WHO SAW IT COMING?: “The Drowned World,” J.G. Ballard (fiction).
With its vision of a London swamped by the rising Thames River and a warming planet leading to an urban landscape of lush tropical foliage, Ballard’s dystopian fantasy — written in
1962 — laid the groundwork for generations of climatechange fiction.
The book imagines the dawning of a geologic age like the one environmentalists now call the Anthropocene, with resulting changes to a broad swath of plant and animal species, including humans.
The plot involves a looter who refuses to leave London even as the water grows hotter, and an expedition of scientists trying to determine whether civilization might someday take root again.
HOW PEOPLE ACT WHEN IT GETS BAD: “The Wall,” John Lanchester
(fiction). Lanchester’s novel (2019) elegantly and chillingly imagines how current political attitudes might play out as the repercussions of climate change grow more severe. With sea levels rising and extreme weather events increasingly common, an island nation that closely resembles Britain has built a concrete wall around its entire perimeter to hold back both the water and the desperate tide of refugees from harder-hit areas. The narrator, Joseph Kavanagh, has embarked on his mandatory two-year service as a “Defender,” guarding a section of the wall against outsiders even as he falls in love and contemplates what the future will bring. That includes the threat of invasion, as a government official tells the Defenders at a pivotal moment: “The shelter blew away, the waters rose to the higher ground, the ground baked, the crops died, the ledge crumbled, the well dried up. The safety was an illusion. … The Others are coming.”

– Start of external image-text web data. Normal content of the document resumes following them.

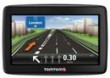 TomTom Start 25 EU 44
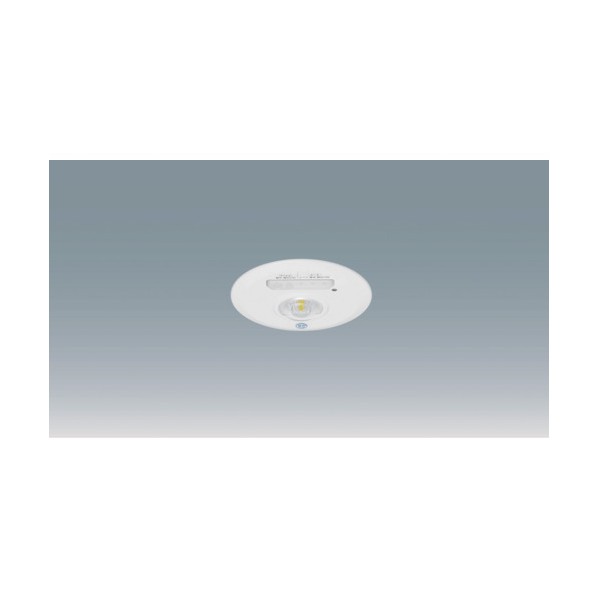 LED点火装置物の具 292660 人並み外れた灯 中上昇限度用 埋込形 Φ100 昼白いこと （5000）  IREL-DL8/100-W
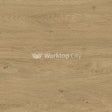 Kronospan Stone Oak (5527 FP) Kitchen Worktops, Upstands and Splashbacks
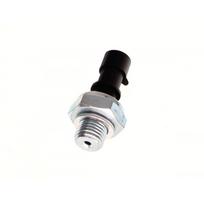 Alyvos slėgio jungiklis MAXGEAR 21-0103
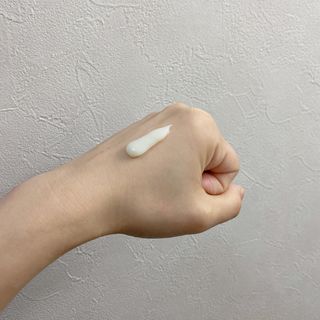 rikutaoto님이 올린 리뷰 사진 3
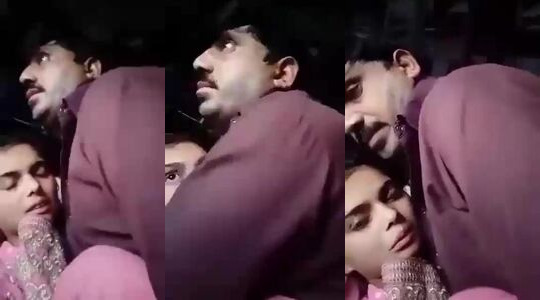Baap Ne Jawan Beti Ki Chudai Karke Uski Fuddi Phaad Dala Full Family Sex
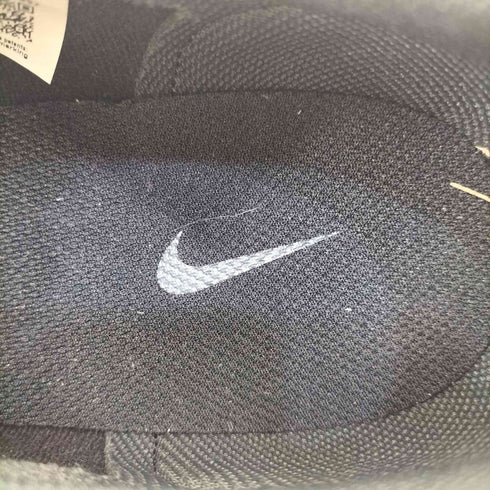 ナイキ NIKE KILLSHOT 2 PRM メンズ 28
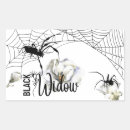 Search for halloween stamps stickers Spooky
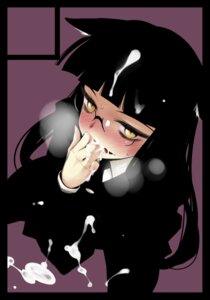Rating: Explicit Score: 0 Tags: animal_ears black_hair blush breath cat_ears circle_cut cum female female_protagonist_(houkago_play) glasses houkago_play long_hair pantyhose rule34 yellow_eyes yurikawa User: bunchy7s Rating: Explicit Score: 0 Tags: animal_ears black_hair blush breath cat_ears circle_cut cum female female_protagonist_(houkago_play) glasses houkago_play long_hair pantyhose rule34 yellow_eyes yurikawa User: bunchy7s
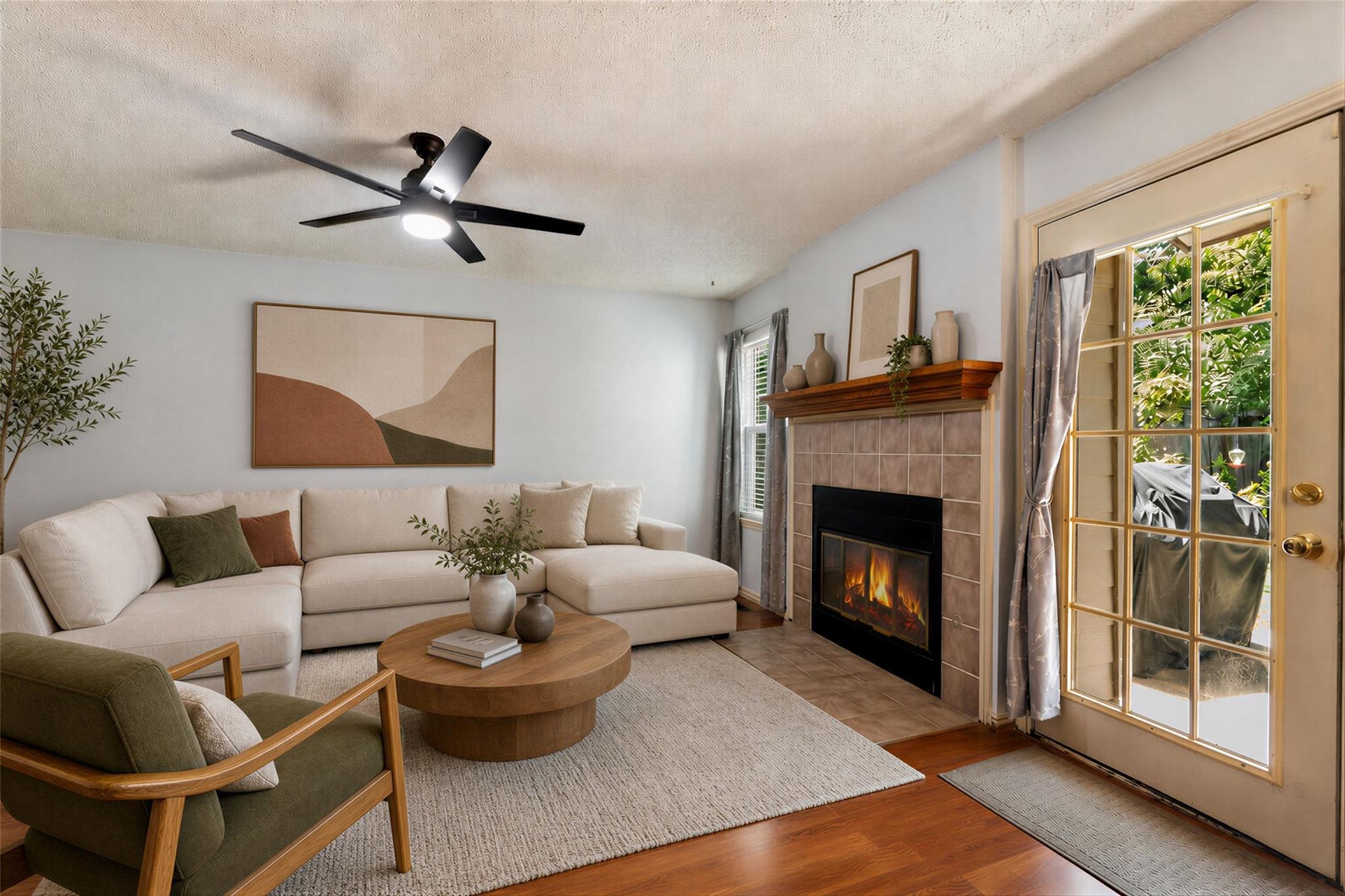 12902  Modena Trl, photo 6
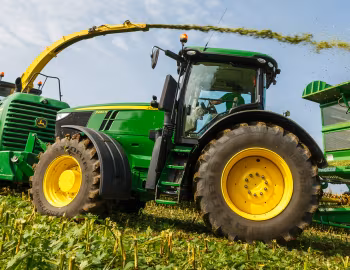 John Deere 7230R '2013–pr.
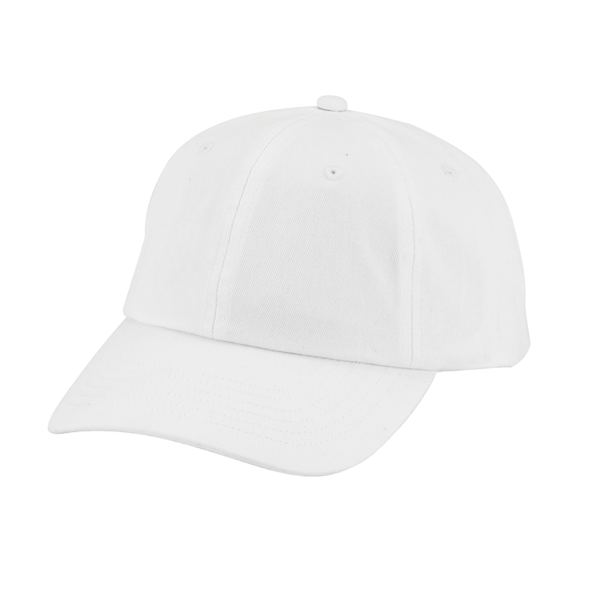 Basecamp Midway Cap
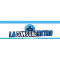 La Console Retro Coupons La Console Retro Coupons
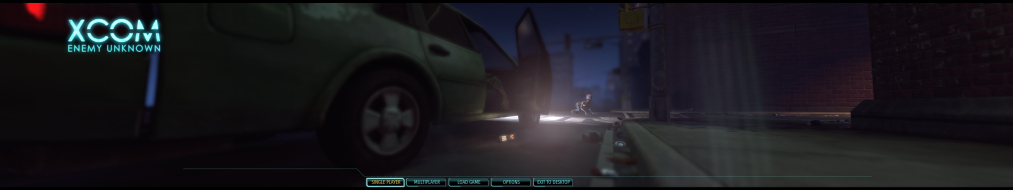 48:9, Strategy FOV 'T' = 140
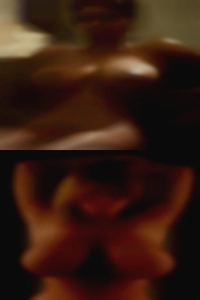 DabidThoennes, sex in Lincoln, DabidThoennes, sex in Lincoln,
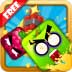 ը The Big Bang Juice v1.0ͼ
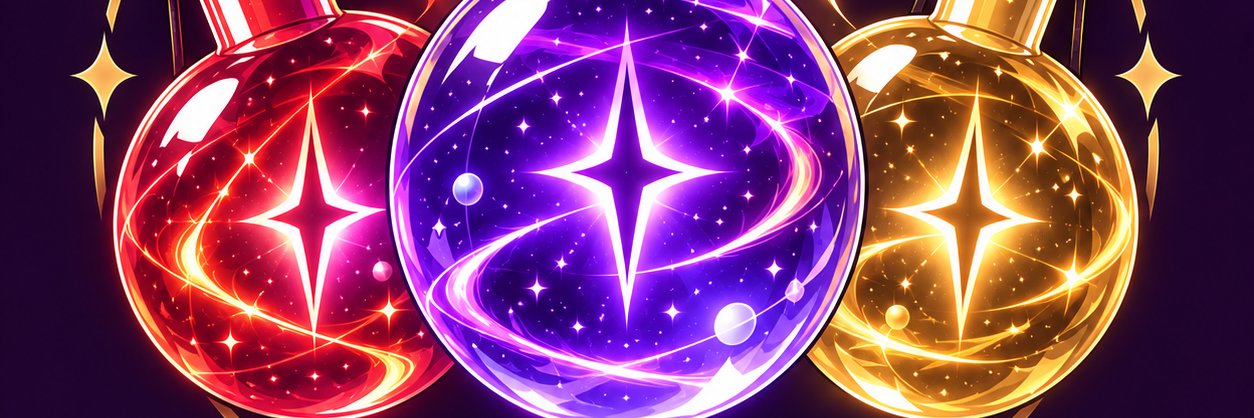 YoSoyAstral | Vgen 💜's banner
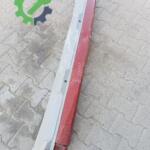 2024 2025 Renault Kangoo arka tampon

DID WE LEARN FROM KATRINA?: “Salvage the Bones,”
Jesmyn Ward (fiction).
Set in the days leading up to and immediately after Hurricane Katrina, this National Book Awardwinning novel follows a black family in Mississippi as it prepares for, and recovers from, disaster. Esch, a pregnant teenager, is at the center of the story. A fierce, mythology-loving young woman, she’s quick to connect the events of her own life with those of the Greeks.
For all the devastation at its core, this is an insistently hopeful book. As our reviewer put it: “It wants to teach you how to wait out the storm and swim to safety.”

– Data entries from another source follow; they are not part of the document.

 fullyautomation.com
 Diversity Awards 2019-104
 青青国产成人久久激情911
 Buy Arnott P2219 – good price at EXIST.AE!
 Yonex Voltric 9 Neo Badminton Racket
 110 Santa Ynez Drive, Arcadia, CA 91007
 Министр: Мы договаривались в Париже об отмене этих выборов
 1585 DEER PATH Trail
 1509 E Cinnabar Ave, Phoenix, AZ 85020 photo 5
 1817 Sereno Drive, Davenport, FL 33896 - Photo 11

COAST DWELLERS: “The Water Will Come,” Jeff Goodell
(nonfiction). “Sea-level rise is one of the central facts of our time, as real as gravity,” Goodell writes in his book (2017). “It will reshape our world in ways most of us can only dimly imagine.” This book takes us there, to a place where we can picture Miami completely underwater.
Goodell, who has written other books about climate change, here travels to cities like Lagos, Rotterdam and Venice — that are at risk of vanishing if the rise in water follows current projections.
Maybe the most interesting element he explores is people’s inability to see the rising tide. Talking to an influential developer in Miami, Goodell asks if he’s worried about the future when the ocean takes over. He isn’t, he says. “Besides,” the developer adds, “by that time, I’ll be dead, so what does it matter?”
WHAT WILL
INSPIRE FUTURE ACTIVISTS?
“Our House Is on Fire: Greta Thunberg’s Call to Save the Planet,” Jeanette Winter
(for kids). With charming artwork and straightforward language, this picture book (ages 3 to 8) uses the life story of the young climate activist Greta Thunberg to help kids understand climate change — and to give them a sense of what they can do about it. By following Thunberg’s story — who at 15 decided she wouldn’t be complacent about the crises she kept hearing about — readers can see how powerful individuals can be when they decide to act. Though it’s aimed at informing and motivating, the book, like Thunberg, is also about urgency. Her dramatic words guide the tone: “I don’t want you to be hopeful. I want you to panic … I want you to act as if our house is on fire. Because it is.”